We were in the process of Exadata Builds for one of our critical EBS application during which we cloned EBS applications from legacy servers to Exadata. Post build, we needed to perform RAC service failover test for the recently migrated EBS application. Our architecture was one-node application tier and 2-node database tier.
Steps performed for testing RAC failover:
- First, stop service on one RAC instance
srvctl stop service -d -s -instance
srvctl status service -s -d
- Stop the RAC instance
srvctl stop instance -d -i
- Next step is to test the failover (verify CM is running, forms working,etc)
- Now, bring the RAC service/instance up and repeat steps 1,2,3 for the second instance
During our test, forms was working fine (either it was connected to same DB node or re-establishing new session with the surviving instance). However it was CM failover that did not work.
In Ideal situation, CM should fail over to the other DB instance which is alive.
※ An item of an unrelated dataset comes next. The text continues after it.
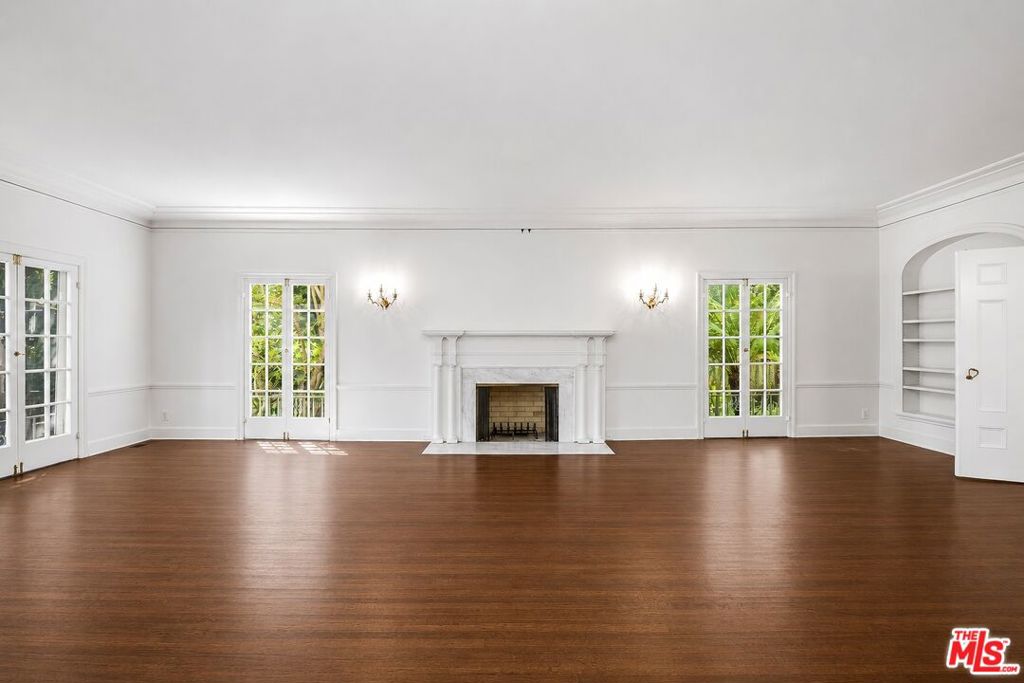 809 N Bedford Drive Property Photo 6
CM was working only when we restarted CM( using adcmctl.sh) and apps listener separately after the RAC instance was taken down.
On thorough troubleshooting, we figured out that the following profile options were incorrect.
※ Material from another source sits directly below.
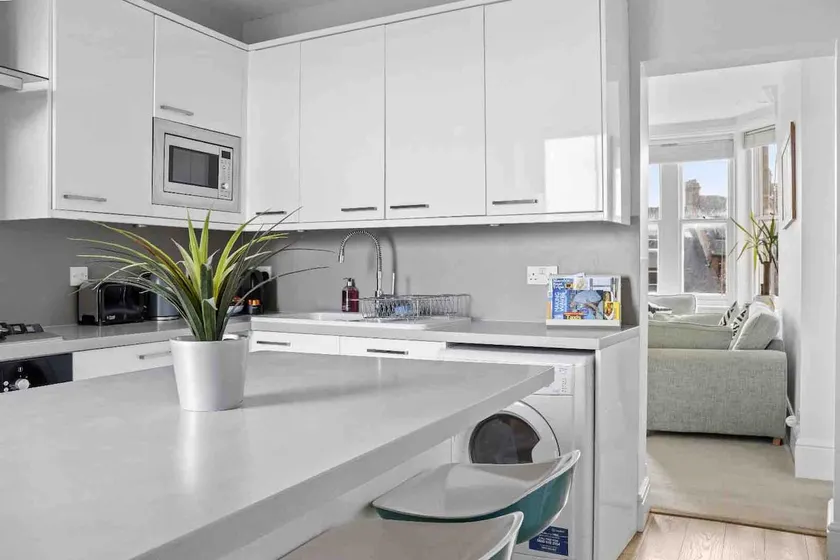 Braeside Apartment - Image 1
‘Concurrent:TM Transport Type’ was set to PIPE
‘Concurrent:PCP Instance Check’ was set to ON
“PIPE” means that the client and the transaction manager must both be on the same database instance to be able to communicate, whereas “QUEUE” means that client communicate via Advanced Queue mechanism eliminating restriction to one instance.
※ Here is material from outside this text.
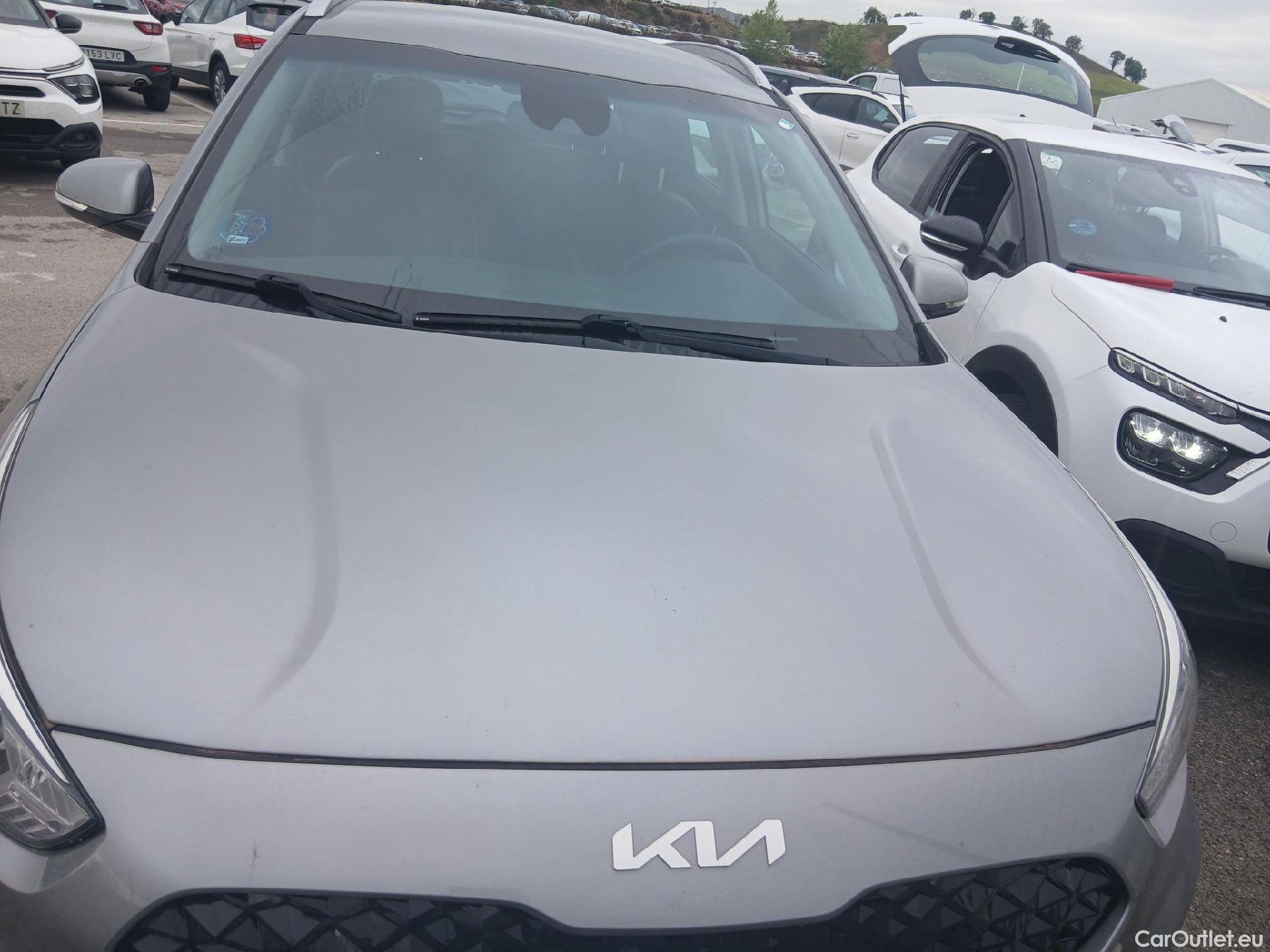  KIA  Niro KIA  / 2019 / 5P / crossover 1.6 GDi HEV 104kW (141CV) Drive #5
Therefore, for non-RAC and 11i Release, default is PIPE, whereas for RAC and in R12, default is to use QUEUE.
When the profile ‘Concurrent:PCP Instance Check’ is set to ON, managers try to move to a secondary Concurrent Tier when a RAC Instance fails. In our case, there was no second CM node, so we kept it OFF.
So please ensure below are correctly set so that CM failover works.
- Modify the Setting cp_twotask in the Contextfile of the Concurrent Tier to load balanced alias (‘cp_twotask=_BALANCE’)
- Set Profile “Concurrent:TM Transport Type” to QUEUE
- Set Profile “Concurrent:PCP Instance Check” to OFF(In case there is no secondary CM node)